LONDON (Reuters) - A modest recovery in Italian stocks failed to lift European equities more broadly in early trading on Wednesday, as investors mulled the possibility of fresh Italian elections as early as July.
The pan-European STOXX 600 (STOXX) index was down 0.1 percent by 0722 GMT, while Germany's DAX (GDAXI) rose 0.2 percent.
Late on Tuesday sources said that Italy may hold repeat elections as early as July after the man asked to be prime minister failed to secure support from major political parties for even a stop-gap government.
Worries over Italian politics and the country's future in the European Union have hit European stocks this week, with Italy's benchmark FTSE MIB (FTMIB) touching its lowest level since July 2017 on Tuesday. Italian banks (FTIT8300), which dropped 4.7 percent in the previous session, rose 0.6 percent.
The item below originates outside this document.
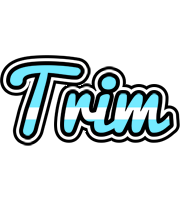 Trim argentine logo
Though Italy's index recovered some ground with a 0.5 percent rise on Wednesday, Italian stocks are down 4 percent so far this week and have given up all of 2018's gains.
Elsewhere concerns over U.S.-China trade relations also soured the mood after the U.S. said on Tuesday that it still holds the threat of imposing tariffs on $50 billion of imports from China.
While the focus remained firmly on politics, shares in Vivendi (PA:VIV) were the biggest individual fallers, down 3.8 percent after its subsidiary Canal+ was left empty-handed in a crucial soccer broadcasting rights auction in France on Tuesday.